The exterior presents two storeys with a symmetrical three-bay west front to the main range plus one bay to the lower-roofed addition at the left end. The main range has a ragstone plinth and steps rise to a central 19th-century plank door with flat porch hood. A gabled roof sits above, with an axial stack featuring staggered triple shafts with corbelled coping. Casement windows throughout have square leaded panes; the four-light windows flanking the door have been re-glazed in the 20th century while the two- and three-light windows are probably 18th century. A 20th-century conservatory addition stands at the south end with a doorway into the south room.

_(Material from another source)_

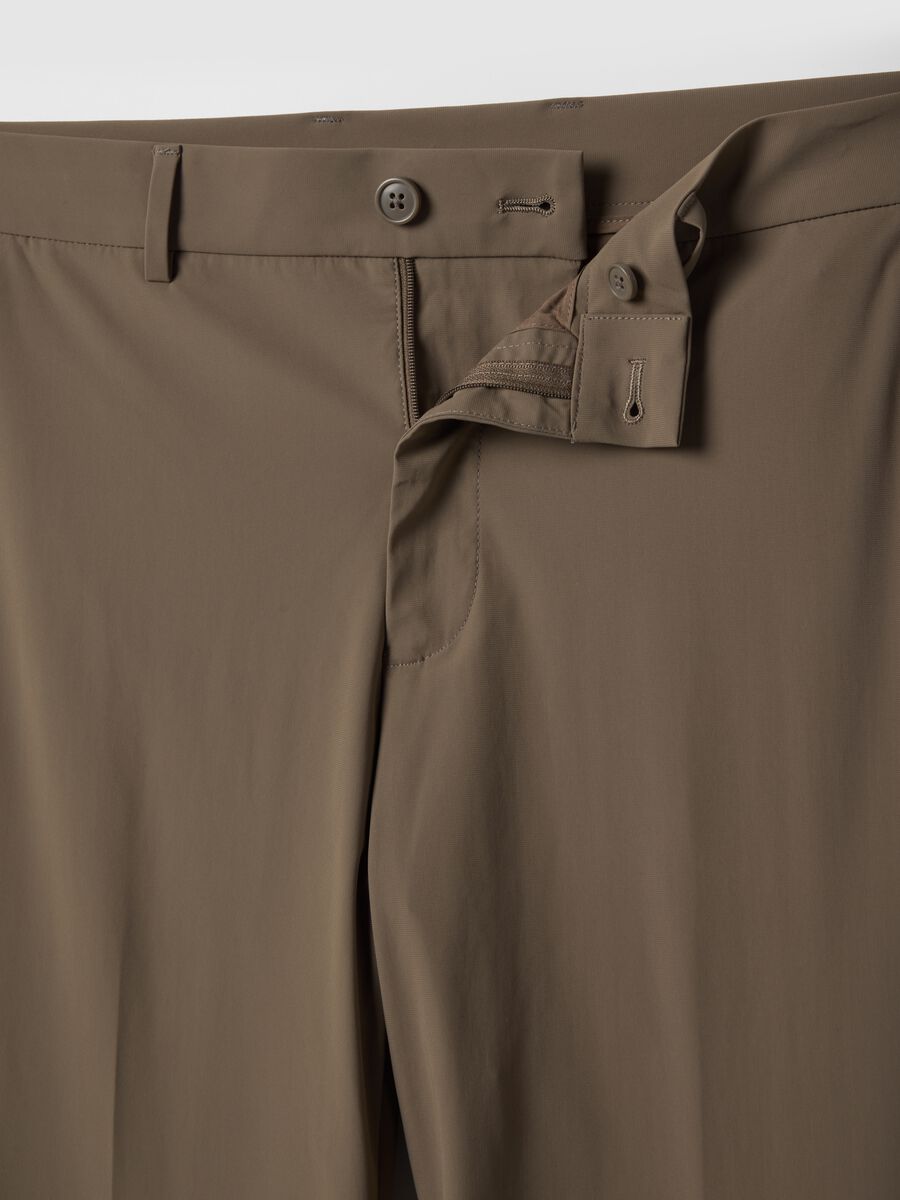 Brown formal trousers regular fit_5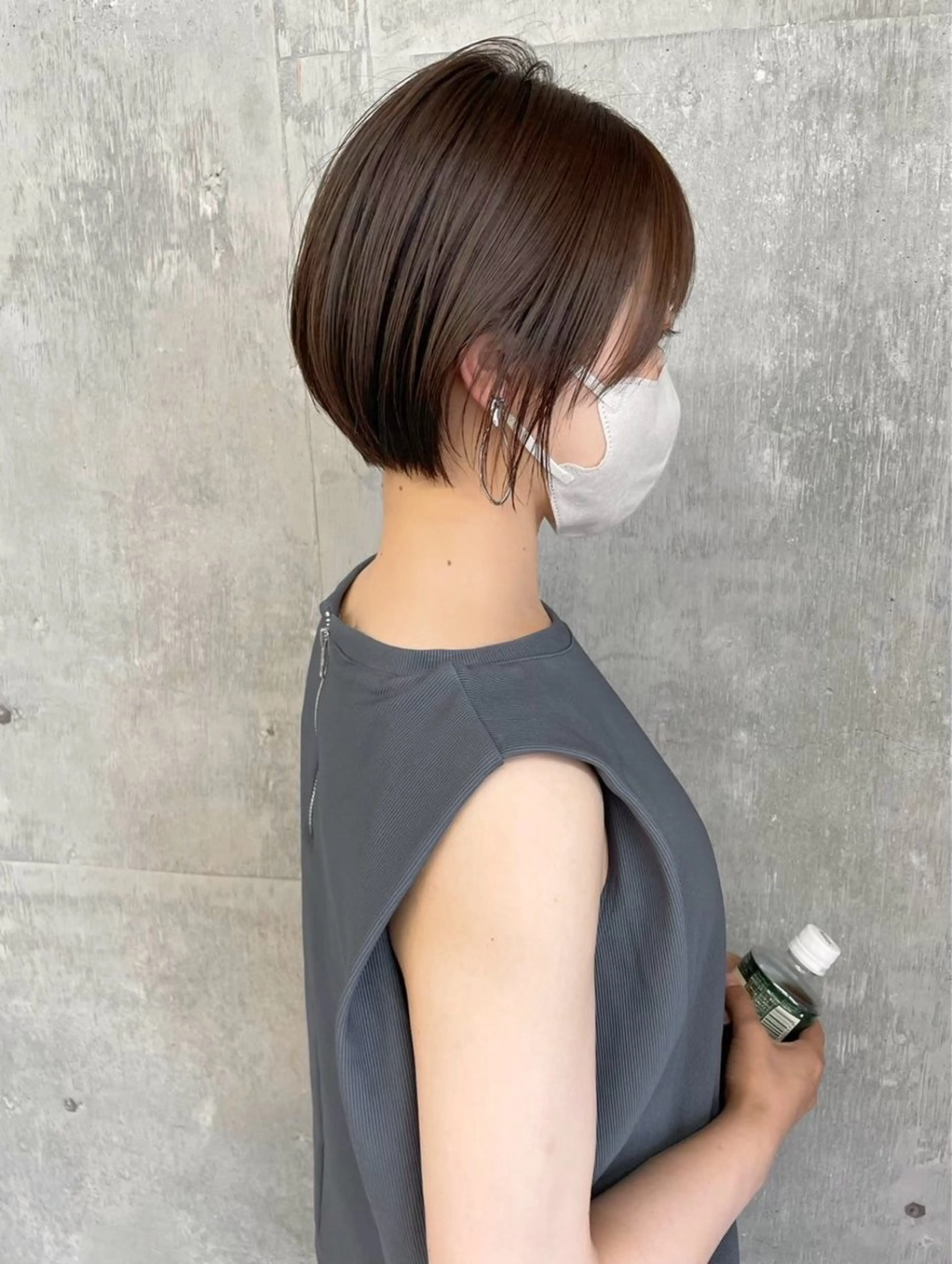 ショート カラー カット ヘアカラー トリートメント 森田遥奈/透明感カラ ー/似合わせカットのヘアスタイル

The interior is rich in early carpentry. The north room of the main range contains an early to mid 16th-century step-stopped chamfered crossbeam with plain joists on the south side, while the north side joists are chamfered and belong to the circa early 17th-century flooring over the smoke bay. A 17th-century oak stair with a contemporary plank door rises in the north-east corner; redundant mortises in the ceiling beams indicate it stands on the site of an earlier stair associated with the smoke bay phase. Two blocked doorways survive in the framing on the rear wall. The 17th-century fireplace has ragstone jambs and an original oak lintel, with a bake oven opening in the left-hand jamb and two keeping places, one formerly with a door, in the fireback. The south room preserves its original fireplace, similar to that in the parlour. The soffit of the massive crossbeam has been dressed off except at the east end where it is chamfered with big bar stops; this detail, combined with evidence in the roofspace, suggests the south end may have been largely rebuilt in the 17th-century phase. Exposed joists survive, and the ceiling is coved in front of the fireplace to support the chamber above. First-floor rooms in the main range preserve exposed ceiling beams.

The north end wall of the original house is plastered in a pattern of whorls and is heavily sooted, as is a closed partition just north of the inserted stack. This plaster and sooting presumably represents the extent of the original open hall from the medieval phase. The rafters of the clasped purlin queen post roof between are not evenly smoke-blackened, and there has been considerable repair including an added ridgeboard and new timber scarfed into the old. The smoke bay is marked by a tie between the purlins; framing below the tie has been removed and the smoke bay partition never rose to the apex but stopped at the level of the tie, which is heavily sooted on the north side but clean on the south side. On either side of the stack and south of it the roof is largely constructed of re-used timbers, some sooted and others with redundant mortises.

The farmhouse has group value with a threshing barn to the south west. It is a very unspoilt traditional farmhouse with a long building history.